Black Film Through A Psychodynamic Lens
$40.00
by Dr. Katherine Marshall Woods
Black Film Through a Psychodynamic Lens delves into the nuanced character development and narrative themes within the struggles and successes presented in Black films over the last five decades.
In this pioneering book, Katherine Marshall Woods looks at Black cinema from a psychological and psychoanalytic perspective. Focusing on a decade at a time, she charts the development of representation and creative output from the 1980s to the present day. She deftly moves from analyzing depictions of poverty and triumphs to highlighting the importance of cinema in shaping cultural identity while considering racial prejudice and discrimination. Adopting theoretical viewpoints from Freud to bell hooks, Marshall Woods examines the damaging effect on cultural psychology as a result of stereotypical racial tropes, and expertly demonstrates the healing that can be found when one sees oneself represented in an honest light in popular art.
From Do The Right Thing, The Color Purple and Malcolm X to contemporary classics like 12 Years a Slave, Black Panther and American Fiction, this book is an essential read for those interested in the intersection between Psychology, Psychoanalysis, Film Theory and African American cultural identity.
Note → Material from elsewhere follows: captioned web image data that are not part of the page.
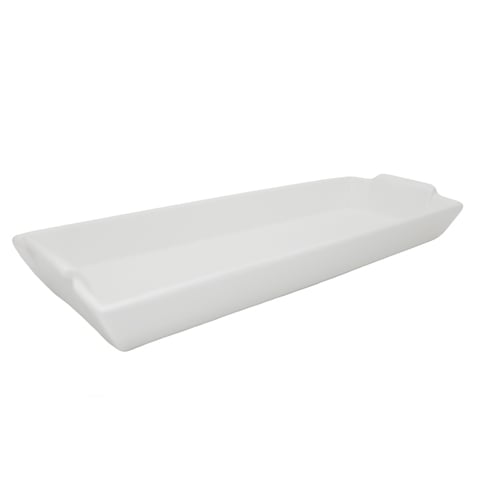 Cerabon Essentials Porcelain Rectangle Baker Dish L40.5xW15xH5.7cm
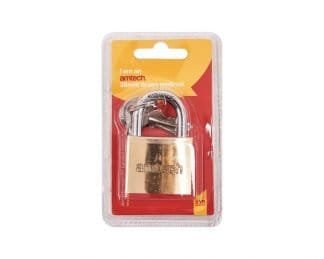 38Mm Brass Padlock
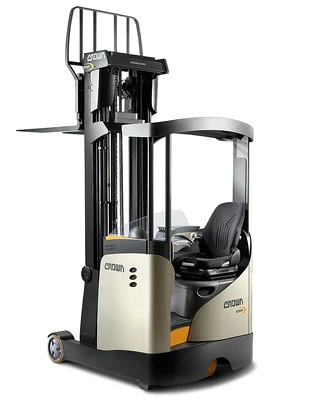 reach truck rental cost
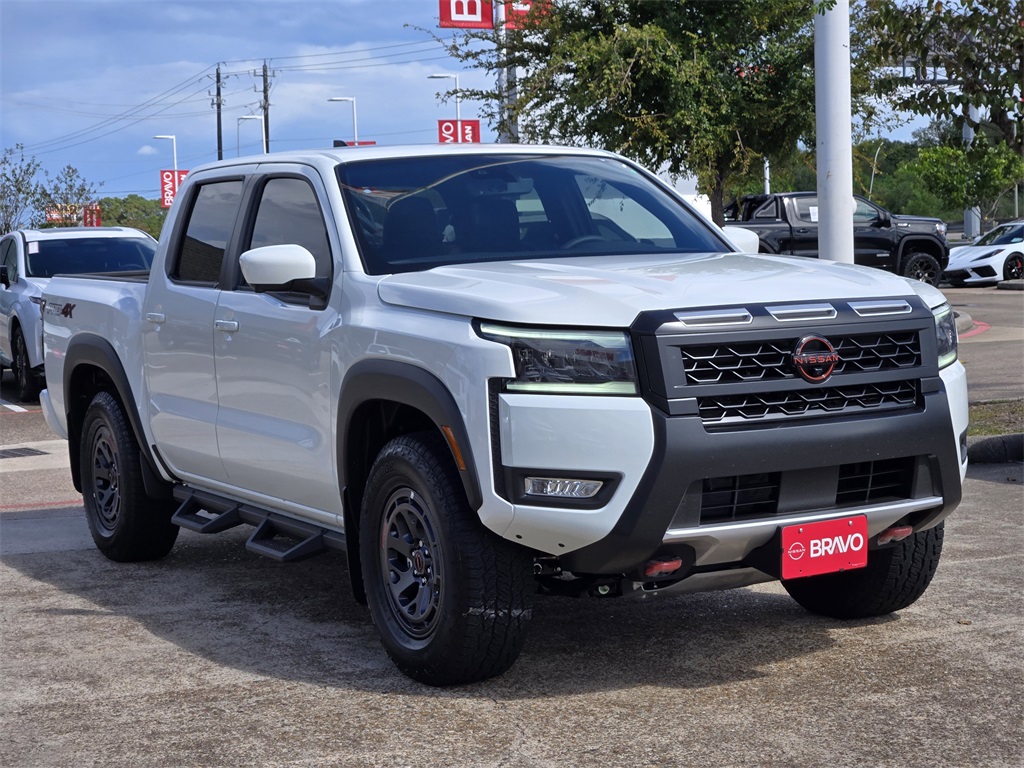 2026 Nissan Frontier PRO-4X - 1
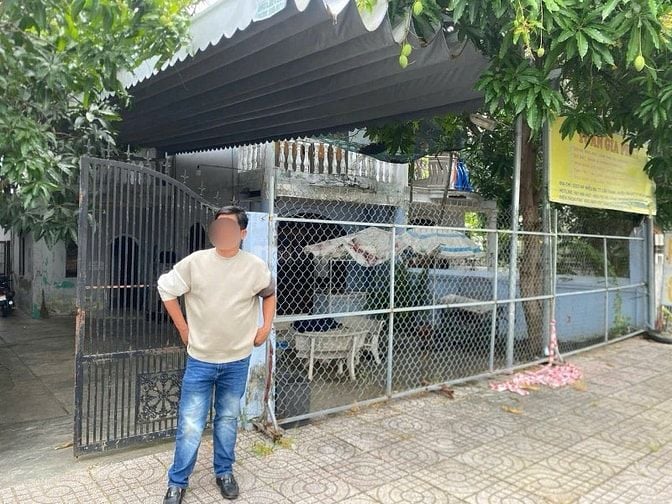 Mặt tiền Đào Cử trung tâm hành chính huyện, bên cạnh PCC Đào Xuân Tùng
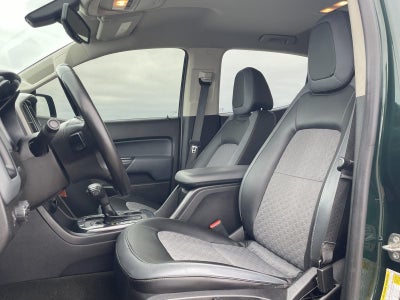 2016 Chevrolet Colorado 4WD Z71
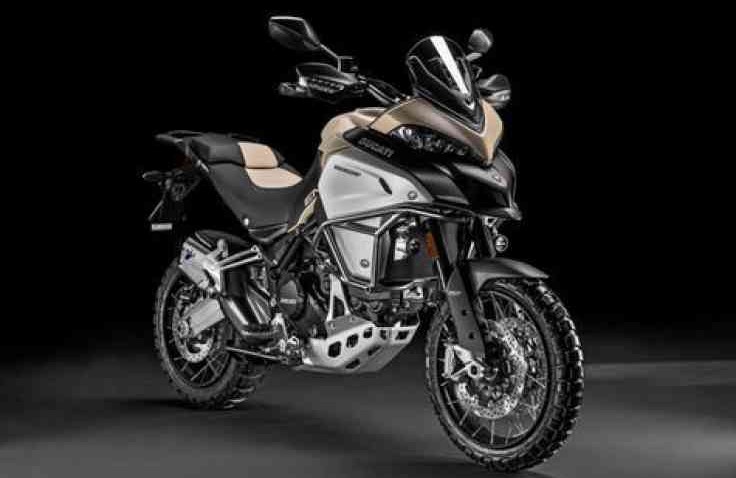 Ducati Multistrada 1200 Enduro Pro 2017 Dirilis, Harga 18 Ribu Pound Sterling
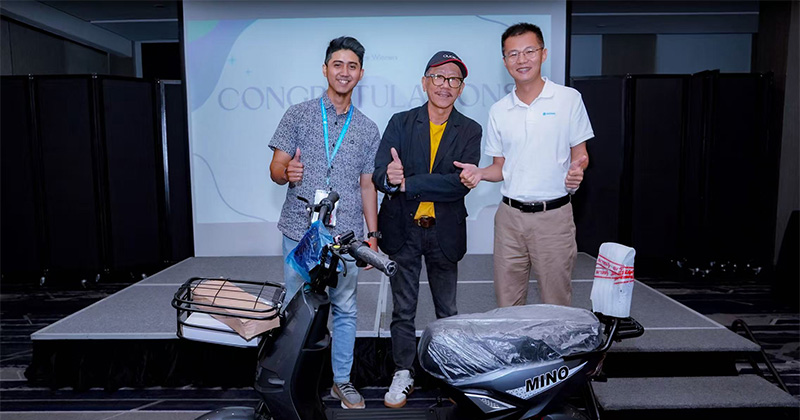 JASSWAY Unveils New APUS PRO POS Series at Jakarta Launch Event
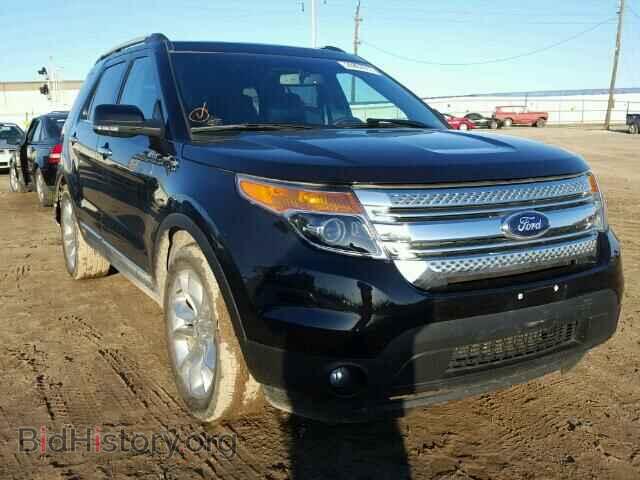 Photo 1FM5K8D8XEGB29775 - FORD EXPLORER 2014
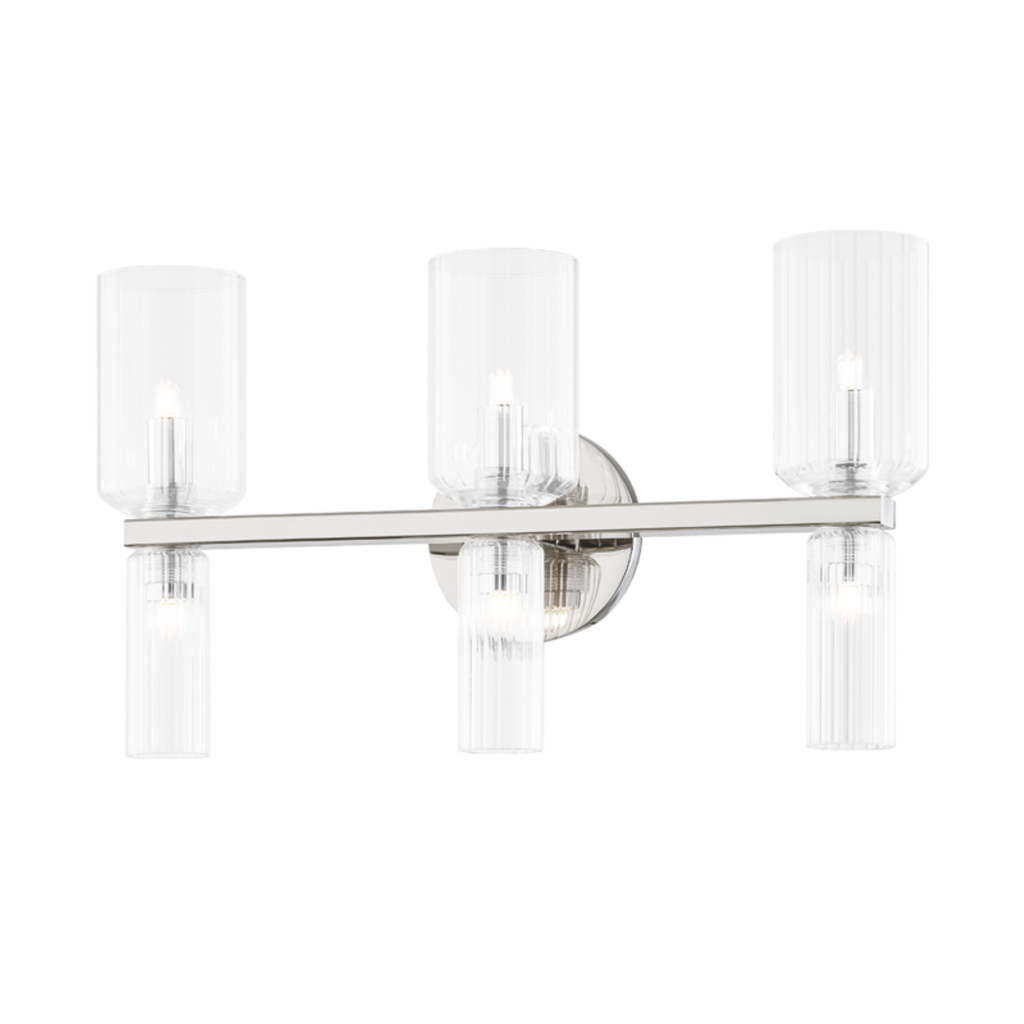 Tabitha 6 Light Bath Bracket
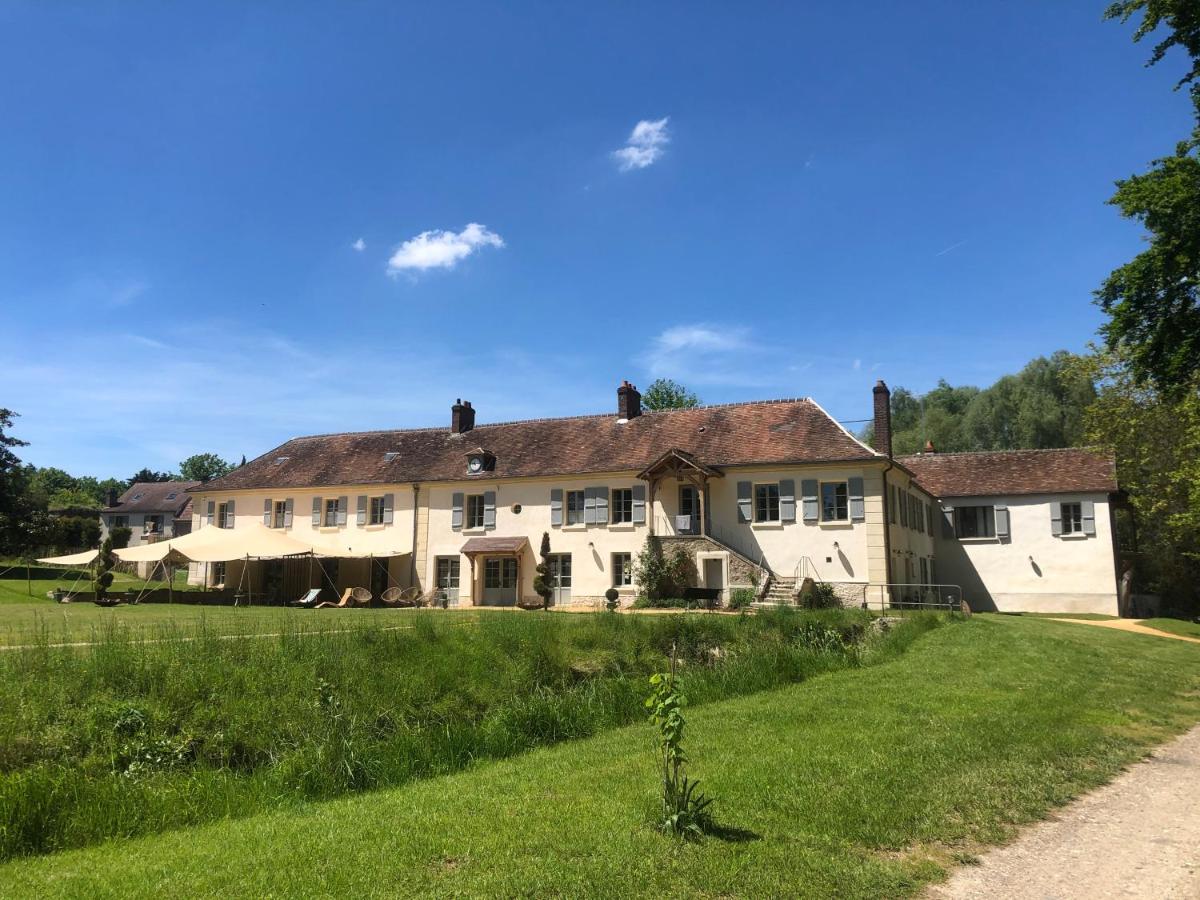 Domaine Du Plessis Le Plessis-Luzarches Exterior foto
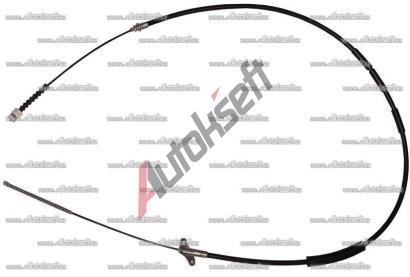 Starline brzdov lanko LA BR.1255, 8592808055525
Paperback | 146 pages | Routledge; 1st edition | 2024
Dr. Katherine Marshall Woods, Psy.D. is a media psychologist and licensed clinical psychologist in Washington, DC. She is a member of core faculty with The George Washington University Professional Psychology Program and is in private practice serving those with a history of trauma. Dr. Marshall Woods spearheads PsychMinded Media that affords her the opportunity to work with actors, screenwriters, producers, and directors and collaborate with film festivals in the US and abroad. Dr. Marshall Woods co-leads the Psychoanalytic Takes on Cinema with the Washington Baltimore Center for Psychoanalysis and is developer of Cinematic Imprints with American Psychological Association’s Division 39, Society for Psychoanalysis and Psychoanalytic Psychology.